Diacetonacrylamid ist ein funktionelles Monomer, das über seine Ketongruppe zu Vernetzungsreaktionen, z. B. mit Hydrazinen, befähigt ist und u. a. in Photopolymeren Verwendung findet. Wegen seines vergleichsweise positiven toxikologischen Profils wird Diacetonacrylamid statt der bisher gebräuchlichen Vinylmonomeren wie Styrol, Vinylpyrrolidon und Vinylcaprolactam oder Acrylate zunehmend als Comonomer u. a. für strahlenhärtende Druckfarben eingesetzt.
Vorkommen und Darstellung
Bei der Ritter-Reaktion von Acrylnitril mit Aceton entsteht Diacetonacrylamid in Ausbeuten bis 70 %.
Das in stark exothermer Reaktion gebildete sulfonierte Zwischenprodukt wird anschließend exotherm zu DAAM hydrolysiert.
Die Aceton-Kondensationsprodukte Diacetonalkohol und Mesityloxid eignen sich ebenfalls als Ausgangsstoffe zur Herstellung von DAAM.
Die Ritter-Reaktion verläuft initial unter Bildung von Carbokationen durch Einwirkung starker Mineralsäuren auf den aus Aceton intermediär entstehenden Diacetonalkohol, wobei auch bei strikter Temperaturkontrolle eine Vielzahl von Nebenprodukten gebildet wird, darunter tert-Butanol, Mesityloxid, Diacetonalkohol, Mesitylen, Phoron, Isophoron und Acrylamid. Zur Optimierung von Zielproduktausbeute und Selektivität werden die Teilreaktionen zeitlich und räumlich getrennt, z. B. auch durch Einsatz von Mikroreaktionstechnik. Dadurch können Reinausbeuten bis 78 % erhalten werden.

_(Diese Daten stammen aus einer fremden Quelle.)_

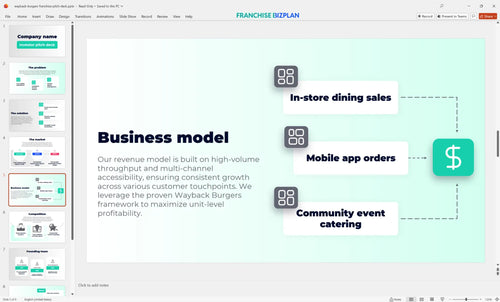 05 wayback burgers franchise pitch deck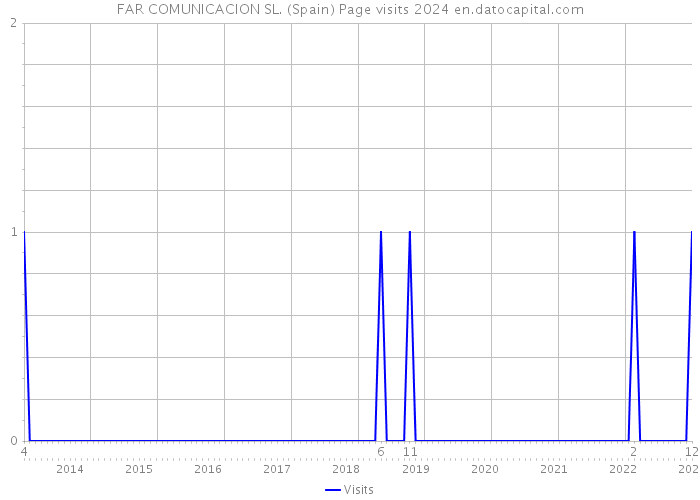 FAR COMUNICACION SL. (Spain) Page visits 2024 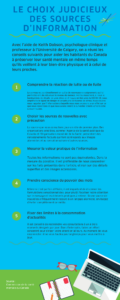 Choosing Sources Information Wisely Infographic FR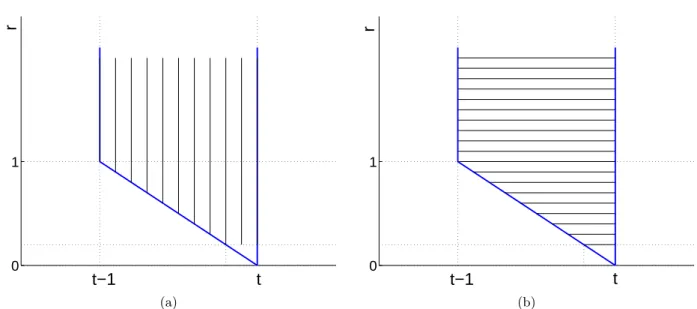 Fig. 3. (a) Integrating first w.r. to t, and then w.r. to r: the process is described as a multiplicative cascade; (b) Integrating first w.r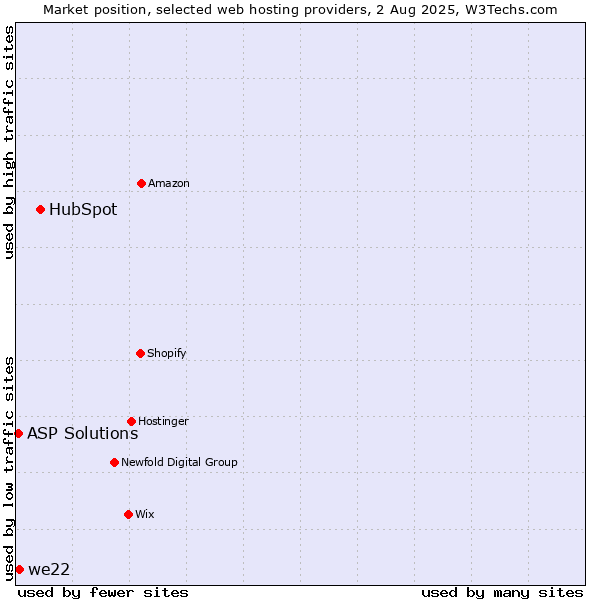 Market position of HubSpot vs. we22 vs. ASP Solutions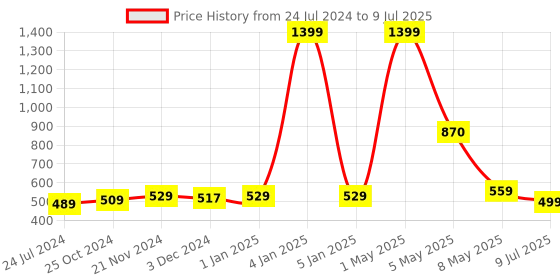 myntra.com ArtzFolio Blue & White Printed Rectangular Table Runner artzfolio Price History Graph from 24 Jul 2024 to 9 Jul 2025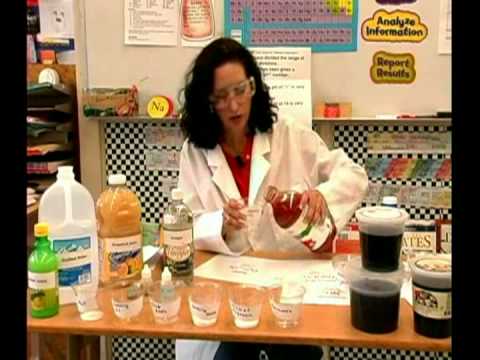 Kimya Ders: Asitler Ve Bazlar Ph Testleri : Asitler Ve Bazlar Kimya Ph Testi: Testi Bardak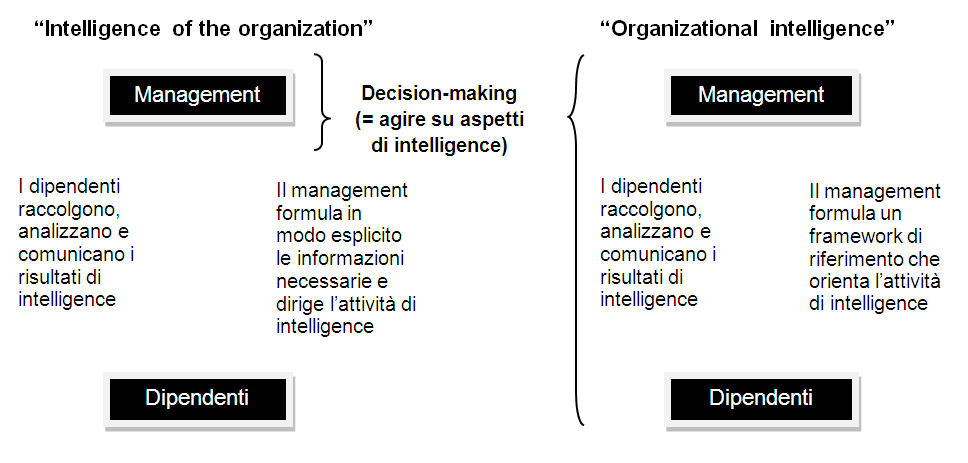 Caratteristiche gerarchiche La letteratura esamina e propone varie soluzioni inerenti ad una visione gerarchica del sistema TI.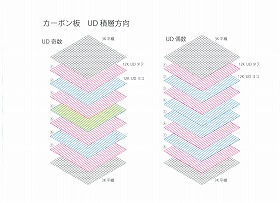 カーボンプレート積層方法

Die in der radikalischen Polymerisation für hohe Monomerumsätze und Molmassen erforderliche Reinheit (> 99 %) kann durch schonende Kurzwegdestillation und Umkristallisieren erreicht werden.
Eigenschaften
Diacetonacrylamid ist ein farbloser bis hellgelber kristalliner Feststoff, der durch Umkristallisation, z. B. aus Toluol/n-Hexan-Gemisch gereinigt und zur Stabilisierung mit < 100 ppm MEHQ versetzt sein kann. Die Substanz ist thermisch stabil und kann unter vermindertem Druck unzersetzt destilliert werden. Sie polymerisiert oberhalb ihres Schmelzpunktes und in Lösung bei Raumtemperatur. Schwacher Geruch, hohe Hydrophilie und Löslichkeit in vielen organischen Lösungsmitteln, sowie vorteilhaftes toxikologisches Profil zeichnen Diacetonacrylamid gegenüber anderen reaktiven Monomeren aus.
Anwendungen
Diacetonacrylamid bildet als reaktives Monomer bei der radikalisch initiierten Polymerisation in Wasser wasserunlösliche, bei Polymerisation in Benzol wasserquellbare Homopolymere. Mit vielen anderen Monomeren, wie z. B. Acrylnitril, Acrylamid oder Vinylacetat, werden Copolymere erhalten, die sich u. a. in Cyclohexanon lösen.
Der Einbau von Diacetonacrylamid-Einheiten in das Polymerrückgrat von Copolymeren verleiht diesen hydrophile Eigenschaften, wie erhöhte Wasserdampfpermeabilität von Polymerfilmen oder Kontaktlinsen, verbesserte Adhäsion von Klebstoffen und Dichtungsmassen, höhere Festigkeit und Filmbildungstendenz in Haarsprays, sowie Verstärkung von Papier- und Textilbeschichtungen.
Wichtigste Anwendungen für Diacetonacrylamid als funktionales Comonomer sind in wasserbasierten Beschichtungen und Lacken, die bei Raumtemperatur durch Reaktion mit Adipinsäuredihydrazid vernetzt werden können,
sowie in photovernetzbaren Druckfarben und Harzen.